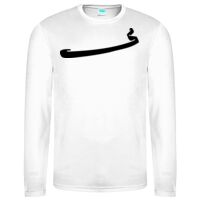 Long Sleeve Sports Shirt Thumbnail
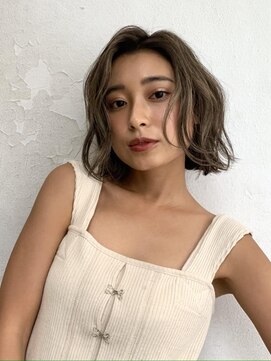 フェメ 立川(PHEME) 立体感ハイライト／ボブ2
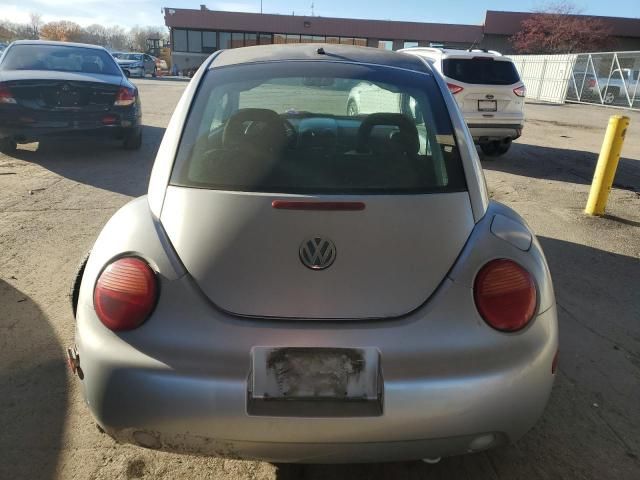 2000 Volkswagen New Beetle GLS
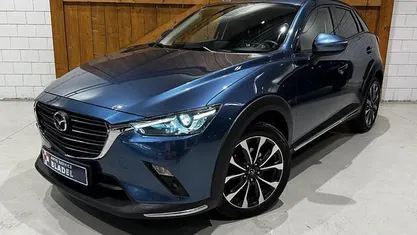 Occasion Mazda CX-3 121 PK (88 kW) 2018 SUV
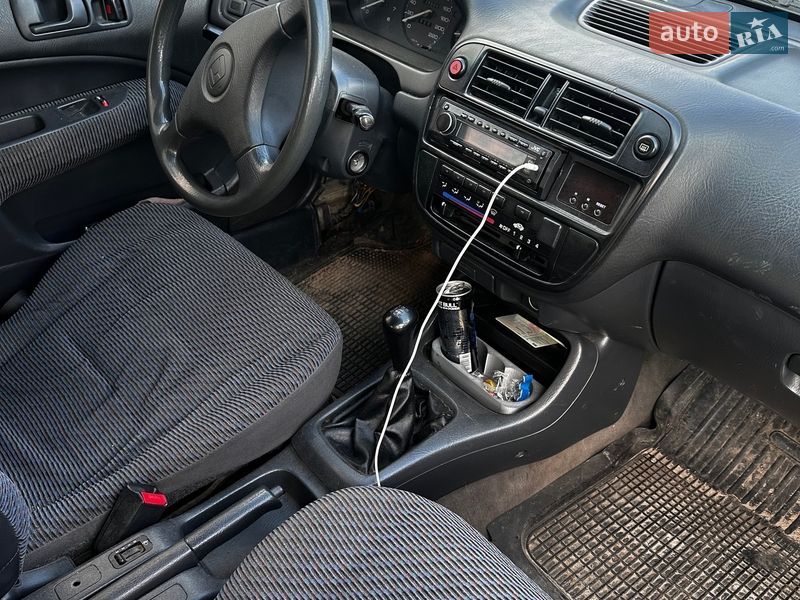 Купе Honda Civic 1997 в Буче фото 3 Купе Honda Civic 1997 в Буче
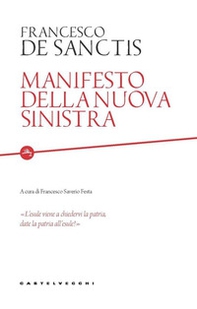 Manifesto della nuova sinistra - Librerie.coop Manifesto della nuova sinistra - Librerie.coop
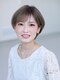 アンヘア(unhair)の写真/【期間限定☆カット+トリートメント￥6600】小顔に導くunhairの絶妙なカットで若々しい上質ショートに♪千葉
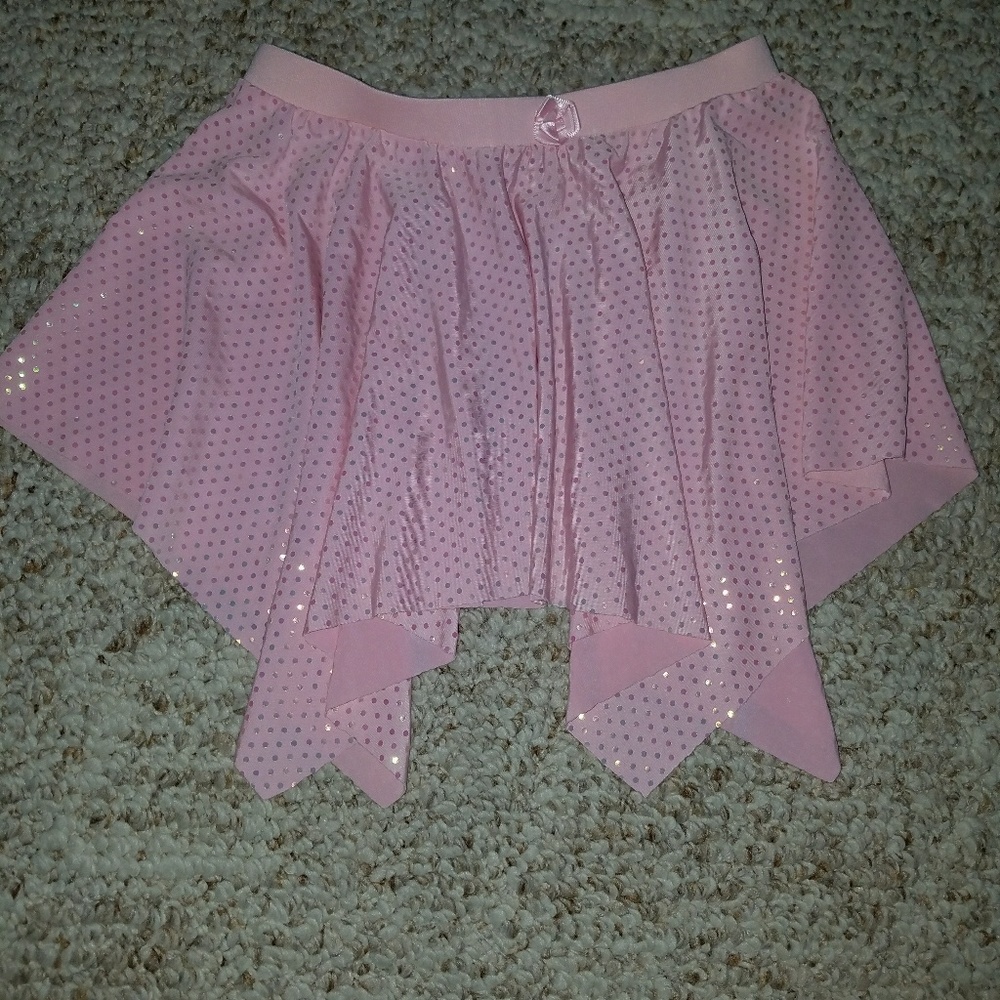 Girls 12/14 Dance skirts.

**Your instructions**
The lines to restate word for word run from the line that contains "Manifesto della nuova sinistra - Librerie.coop Manifesto" through the end of the entries above, both ends included. Leave out all pictures and write nothing else.

**Answer space**
 Manifesto della nuova sinistra - Librerie.coop Manifesto della nuova sinistra - Librerie.coop
 アンヘア(unhair)の写真/【期間限定☆カット+トリートメント￥6600】小顔に導くunhairの絶妙なカットで若々しい上質ショートに♪千葉
 Girls 12/14 Dance skirts.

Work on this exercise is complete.